#### [What you are asked to do]
Each line from the opening of the records that follow to the line with "Фото Тайна пациента" needs to be written out exactly. Add nothing.

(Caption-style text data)
——————

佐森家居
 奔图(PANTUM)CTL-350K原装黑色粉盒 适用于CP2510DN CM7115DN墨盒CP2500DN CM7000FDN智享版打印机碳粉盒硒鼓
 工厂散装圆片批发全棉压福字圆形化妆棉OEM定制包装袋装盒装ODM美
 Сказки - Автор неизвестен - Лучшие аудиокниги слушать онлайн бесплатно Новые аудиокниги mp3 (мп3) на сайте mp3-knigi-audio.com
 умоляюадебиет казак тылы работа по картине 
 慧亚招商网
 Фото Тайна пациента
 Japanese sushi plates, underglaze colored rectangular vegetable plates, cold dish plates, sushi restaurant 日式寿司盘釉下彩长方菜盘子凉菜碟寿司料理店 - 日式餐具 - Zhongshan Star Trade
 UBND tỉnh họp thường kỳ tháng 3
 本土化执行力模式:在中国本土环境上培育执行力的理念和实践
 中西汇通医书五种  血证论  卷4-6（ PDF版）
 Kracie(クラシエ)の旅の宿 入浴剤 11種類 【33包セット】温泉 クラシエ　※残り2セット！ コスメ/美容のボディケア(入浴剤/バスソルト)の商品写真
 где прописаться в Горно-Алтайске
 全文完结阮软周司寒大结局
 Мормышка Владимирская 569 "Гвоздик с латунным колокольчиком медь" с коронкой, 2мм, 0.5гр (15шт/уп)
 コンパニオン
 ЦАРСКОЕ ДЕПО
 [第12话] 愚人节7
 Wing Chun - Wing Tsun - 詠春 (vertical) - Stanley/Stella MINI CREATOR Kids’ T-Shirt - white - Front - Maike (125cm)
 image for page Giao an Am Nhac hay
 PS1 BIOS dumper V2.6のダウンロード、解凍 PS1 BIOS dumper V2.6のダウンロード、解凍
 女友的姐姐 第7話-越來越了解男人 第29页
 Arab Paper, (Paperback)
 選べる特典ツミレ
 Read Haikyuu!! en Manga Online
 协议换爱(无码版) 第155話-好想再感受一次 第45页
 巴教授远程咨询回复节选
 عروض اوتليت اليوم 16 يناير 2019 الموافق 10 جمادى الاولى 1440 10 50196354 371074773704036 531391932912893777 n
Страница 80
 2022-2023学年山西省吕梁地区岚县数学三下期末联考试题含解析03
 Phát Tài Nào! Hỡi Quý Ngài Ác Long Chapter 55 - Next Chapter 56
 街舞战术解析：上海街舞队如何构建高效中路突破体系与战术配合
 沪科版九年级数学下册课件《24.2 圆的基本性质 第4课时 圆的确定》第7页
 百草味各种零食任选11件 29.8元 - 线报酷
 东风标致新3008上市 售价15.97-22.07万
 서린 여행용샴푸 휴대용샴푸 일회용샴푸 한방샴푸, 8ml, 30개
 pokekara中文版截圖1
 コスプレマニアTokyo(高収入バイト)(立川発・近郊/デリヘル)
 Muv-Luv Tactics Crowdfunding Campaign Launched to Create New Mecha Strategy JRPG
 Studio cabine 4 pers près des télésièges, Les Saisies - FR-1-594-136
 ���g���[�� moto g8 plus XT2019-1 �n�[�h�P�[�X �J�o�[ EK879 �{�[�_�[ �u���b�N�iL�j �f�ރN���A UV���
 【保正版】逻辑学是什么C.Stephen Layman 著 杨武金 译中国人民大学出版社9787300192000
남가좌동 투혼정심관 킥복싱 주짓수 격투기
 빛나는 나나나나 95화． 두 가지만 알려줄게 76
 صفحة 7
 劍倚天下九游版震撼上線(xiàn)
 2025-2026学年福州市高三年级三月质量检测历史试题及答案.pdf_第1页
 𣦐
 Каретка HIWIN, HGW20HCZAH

——————

#### [Reply]
佐森家居
 奔图(PANTUM)CTL-350K原装黑色粉盒 适用于CP2510DN CM7115DN墨盒CP2500DN CM7000FDN智享版打印机碳粉盒硒鼓
 工厂散装圆片批发全棉压福字圆形化妆棉OEM定制包装袋装盒装ODM美
 Сказки - Автор неизвестен - Лучшие аудиокниги слушать онлайн бесплатно Новые аудиокниги mp3 (мп3) на сайте mp3-knigi-audio.com
 умоляюадебиет казак тылы работа по картине 
 慧亚招商网
 Фото Тайна пациента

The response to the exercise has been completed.